The first wine tasted in our DRC mini-horizontal was the 2000 Grands Echezeaux. This wine was initially highly floral -- lavender -- to accompany notes of petrol, cherries, and coconut. On the palate this wine was peppery and saline with drying tannins. Initially non-complex, acidic, and lacking a full, round mouthfeel. The finish was medium length. As the wine evolved in the glass, it developed weight but the fruit remained muted and the length remained a challenge. Ron noted cherries and tobacco leaf. He felt that the wine was probably 5 years away from its peak; "It took a while but started to open and strut its stuff." He agreed with my assessment of weight gain over time.
The second bottle was the 2000 Richebourg and this was served simultaneously with my escargot appetizer. The cheese- and garlic-heavy escargot paired well with the wine.
The Richebourg was much darker at the core than the Grand Ech and had a floral nose with tar and petrol at the back end. My first thought was that someone had messed up and put a Barolo in a DRC bottle. As the wine evolved, notes of strawberry, watermelon, cigar box and cedar box became apparent. On the palate, spice, great acidity, and a very long finish. This is an extremely high quality wine.
The 2000 La Tâche was even darker at the core than was the Richebourg. Talcum powder and chalkiness on the nose. Over time the talcum powder evolved into soy. Rose petals tea, coffee, burnt tobacco, smoke, coffee grounds, nutmeg, and menthol. Power and weight on the palate along with bright acidity, non-aggressive tannins, and a long, drying finish. Ron characterized this as "another big step up." In his words, "the aromatics really soared after 1 hour in the glass." My La Tâche was accompanied by a robust Lobster Bisque.

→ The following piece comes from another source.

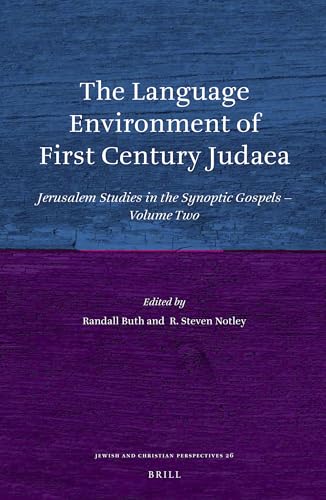 Stock image for The Language Environment of First Century Judaea: Jerusalem Studies in the Synoptic Gospels, Volume Two for sale by Revaluation Books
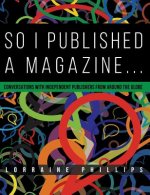 So I Published a Magazine: Conversations with Independent Publishers from Around the Globe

By this time my steak had arrived and Brad suggested a 1949 Canon in mag to accompany. This wine was replete with dried figs, tamarind, and mahogany. Wild red cherries, freshly turned earth, sweet tobacco, and a musty old closet. A little Brett. A herbaceousnes which Brad characterized as a hallmark of aging Cab Francs. A Burgundy lover's Bordeaux. Tamarind on the palate. Its acidity supported a long, sour finish.
|Strip, Organic Carrots, Collard Greens, Onion Rings|
At this time dessert was on offer but I was done. My table mates went on to indulge. I joined Ron for a 1907 and 1908 Madeira while the wives pursued Cognacs and Armagnacs.
Another excellent night together. The Canon was a little tired and the Grand Ech was low man on the DRC totem pole. The La Tache was, definitively, the wine of the night. So we rolled over to our room at the Epicurean across the street from Bern's while the Siegels began the long trek back to Orlando. I wish them well.